Yes. Say my name. It sounds best on a Man’s tongue.
Aragorn jerks back abruptly, and it is only then she realizes she is leaning in.
“My Lady,” he says in a low, hard whisper. A short bow, and then he is gone.
***
She does not see him for the rest of his stay, but not for lack of effort. At first she keeps her search private, taking walks because she is “bored” and stopping by the council meetings “to see if she is needed.” She does not ask after him until the day before he is set to leave, and only at nightfall.
“Atar,” she finds her father on the banks of the River Celebrant. “Has the son of Gondor returned home?”
Her father sees right through her, as he always has.
“Aragorn is King in title and spirit. He is as good a man as one can find, and I love him as I love all of my children. But he is not for you, Arwen. You are the Evenstar, the jewel of my crown and daughter of Rivendell. You belong with your people, and Estel…” he says Aragorn’s second name with fondness and sorrow. In his eyes, she can see the boy her father raised fading before him. “A great doom awaits him. His trial has yet to come. Until he has proven his worth and earned his right, he shall take no wife, and you shall settle for no love so brief as a mortal one.”
You terrible fool, she wants to scream. Can you not see that I love him already?
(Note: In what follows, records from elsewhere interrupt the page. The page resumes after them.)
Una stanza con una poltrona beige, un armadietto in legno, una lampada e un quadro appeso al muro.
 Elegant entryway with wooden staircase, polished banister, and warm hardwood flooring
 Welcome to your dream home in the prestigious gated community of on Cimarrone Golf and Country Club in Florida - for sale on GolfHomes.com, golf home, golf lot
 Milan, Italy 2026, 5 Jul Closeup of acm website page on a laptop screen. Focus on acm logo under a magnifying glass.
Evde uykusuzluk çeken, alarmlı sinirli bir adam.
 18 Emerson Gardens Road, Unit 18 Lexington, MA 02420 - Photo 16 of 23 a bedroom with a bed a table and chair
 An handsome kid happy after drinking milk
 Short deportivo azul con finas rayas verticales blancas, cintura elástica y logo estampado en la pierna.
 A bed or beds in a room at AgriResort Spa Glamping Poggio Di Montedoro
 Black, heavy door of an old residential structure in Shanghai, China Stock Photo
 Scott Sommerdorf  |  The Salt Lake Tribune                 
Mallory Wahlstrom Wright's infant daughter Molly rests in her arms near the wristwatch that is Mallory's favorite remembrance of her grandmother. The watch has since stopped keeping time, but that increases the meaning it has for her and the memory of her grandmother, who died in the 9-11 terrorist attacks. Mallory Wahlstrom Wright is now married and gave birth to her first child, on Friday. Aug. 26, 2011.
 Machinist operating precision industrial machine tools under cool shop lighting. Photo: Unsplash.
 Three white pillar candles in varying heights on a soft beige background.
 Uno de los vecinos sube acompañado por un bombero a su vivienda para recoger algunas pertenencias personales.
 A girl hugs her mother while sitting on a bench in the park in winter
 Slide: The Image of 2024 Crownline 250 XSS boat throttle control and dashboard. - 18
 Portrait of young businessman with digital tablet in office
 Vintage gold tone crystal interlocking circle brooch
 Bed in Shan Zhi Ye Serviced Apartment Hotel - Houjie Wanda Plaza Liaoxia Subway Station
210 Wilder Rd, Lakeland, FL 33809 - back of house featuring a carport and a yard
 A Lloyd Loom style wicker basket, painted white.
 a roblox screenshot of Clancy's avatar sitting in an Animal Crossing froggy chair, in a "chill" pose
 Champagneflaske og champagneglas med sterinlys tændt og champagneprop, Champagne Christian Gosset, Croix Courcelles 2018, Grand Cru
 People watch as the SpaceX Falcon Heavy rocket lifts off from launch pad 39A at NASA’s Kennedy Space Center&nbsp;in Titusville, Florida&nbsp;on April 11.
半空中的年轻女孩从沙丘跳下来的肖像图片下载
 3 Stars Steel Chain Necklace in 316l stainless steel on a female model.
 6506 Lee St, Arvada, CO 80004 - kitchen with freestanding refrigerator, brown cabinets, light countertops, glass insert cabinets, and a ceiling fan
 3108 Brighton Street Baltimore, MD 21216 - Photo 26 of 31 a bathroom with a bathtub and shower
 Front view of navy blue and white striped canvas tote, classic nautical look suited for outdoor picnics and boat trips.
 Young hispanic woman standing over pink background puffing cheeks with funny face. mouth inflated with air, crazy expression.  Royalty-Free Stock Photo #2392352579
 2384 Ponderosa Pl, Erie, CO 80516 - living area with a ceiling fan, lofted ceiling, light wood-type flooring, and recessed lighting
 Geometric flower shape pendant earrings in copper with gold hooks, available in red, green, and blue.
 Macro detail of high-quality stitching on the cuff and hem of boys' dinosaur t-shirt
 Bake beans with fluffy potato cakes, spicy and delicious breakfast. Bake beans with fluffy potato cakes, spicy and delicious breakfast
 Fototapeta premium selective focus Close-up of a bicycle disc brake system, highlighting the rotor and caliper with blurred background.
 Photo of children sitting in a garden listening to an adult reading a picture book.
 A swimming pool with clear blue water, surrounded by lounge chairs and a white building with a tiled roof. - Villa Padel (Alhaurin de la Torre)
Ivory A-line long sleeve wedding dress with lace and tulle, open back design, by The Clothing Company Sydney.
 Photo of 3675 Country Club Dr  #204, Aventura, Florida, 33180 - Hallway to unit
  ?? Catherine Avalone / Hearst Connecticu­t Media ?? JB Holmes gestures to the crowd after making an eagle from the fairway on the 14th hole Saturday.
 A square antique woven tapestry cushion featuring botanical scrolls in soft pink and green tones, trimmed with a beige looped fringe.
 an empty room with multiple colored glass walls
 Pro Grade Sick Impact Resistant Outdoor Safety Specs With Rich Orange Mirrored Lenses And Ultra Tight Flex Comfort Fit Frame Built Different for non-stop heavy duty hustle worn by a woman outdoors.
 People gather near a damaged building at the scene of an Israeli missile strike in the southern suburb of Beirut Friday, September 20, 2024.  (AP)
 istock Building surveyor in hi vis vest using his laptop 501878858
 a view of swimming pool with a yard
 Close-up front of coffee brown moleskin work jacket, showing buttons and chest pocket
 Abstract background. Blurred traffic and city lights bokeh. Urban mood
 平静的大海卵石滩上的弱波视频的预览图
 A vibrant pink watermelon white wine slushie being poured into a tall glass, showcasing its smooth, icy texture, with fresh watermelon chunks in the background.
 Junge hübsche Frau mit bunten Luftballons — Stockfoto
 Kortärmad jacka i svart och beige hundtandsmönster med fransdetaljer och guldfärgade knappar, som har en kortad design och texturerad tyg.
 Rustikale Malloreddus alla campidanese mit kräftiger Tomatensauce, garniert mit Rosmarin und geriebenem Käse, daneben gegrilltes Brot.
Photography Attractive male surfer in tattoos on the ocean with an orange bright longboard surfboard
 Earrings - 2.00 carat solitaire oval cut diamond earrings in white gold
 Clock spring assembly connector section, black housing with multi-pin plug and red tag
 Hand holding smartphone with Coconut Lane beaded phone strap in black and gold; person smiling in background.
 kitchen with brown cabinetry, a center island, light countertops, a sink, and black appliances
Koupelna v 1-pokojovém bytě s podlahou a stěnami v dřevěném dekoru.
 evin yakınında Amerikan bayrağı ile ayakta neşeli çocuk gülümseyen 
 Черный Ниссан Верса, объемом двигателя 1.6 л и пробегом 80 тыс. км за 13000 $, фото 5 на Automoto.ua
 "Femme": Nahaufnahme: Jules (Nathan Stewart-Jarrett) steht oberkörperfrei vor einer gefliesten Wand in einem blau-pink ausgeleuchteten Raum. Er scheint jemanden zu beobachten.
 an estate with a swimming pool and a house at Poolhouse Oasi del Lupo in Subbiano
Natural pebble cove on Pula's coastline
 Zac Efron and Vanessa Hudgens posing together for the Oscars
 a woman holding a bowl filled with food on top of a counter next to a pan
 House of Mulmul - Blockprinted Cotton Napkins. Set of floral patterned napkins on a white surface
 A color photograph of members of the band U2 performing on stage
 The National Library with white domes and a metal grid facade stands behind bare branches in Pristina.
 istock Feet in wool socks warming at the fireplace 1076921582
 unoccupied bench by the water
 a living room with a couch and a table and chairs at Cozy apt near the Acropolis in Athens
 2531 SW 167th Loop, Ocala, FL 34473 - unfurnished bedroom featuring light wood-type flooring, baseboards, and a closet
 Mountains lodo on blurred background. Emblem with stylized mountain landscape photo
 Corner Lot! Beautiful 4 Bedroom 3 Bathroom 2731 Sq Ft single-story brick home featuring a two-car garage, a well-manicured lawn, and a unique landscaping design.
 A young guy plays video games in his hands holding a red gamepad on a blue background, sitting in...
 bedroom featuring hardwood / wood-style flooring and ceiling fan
But Arwen says nothing. She knows in that moment that Aragorn is gone, likely returned to the wilds, his sword already wet with orc blood. She can hear it in her father’s voice. Hers are not the first ears he has spoken these words to.
***
Another year passes, and for once in her long life, Arwen feels it. She returns to Rivendell in the spring when Lothlórien goes green and the Mallorn trees finally shed their golden winter leaves. Her heart has aged beyond her body, and she arrives at the steps of the House of Elrond weary and withdrawn.
“Will you not eat, seldë?”
“I am not hungry.”
“Drink, then?”
She accepts the tea her father offers, but only so he will quit fussing and leave her to her book. Reading is all she has the strength for these days. Arwen comforts herself with the poetry of Rúmil and the tales of the Noldor and, of course, the tragedy of Beren and Lúthien. I am not alone in my heartbreak. I am not the first elf who has loved what she is fated to lose.
Sometimes she takes walks, hoping in vain to find him hidden amongst the birches. Months come and go. Her hair is past her knees. She wakes one morning after a night of terrible dreaming and suddenly she can’t bear to stay in the House of Elrond any longer. The stable boys call after her as she kicks Asfaloth past the gates and out into the moorlands.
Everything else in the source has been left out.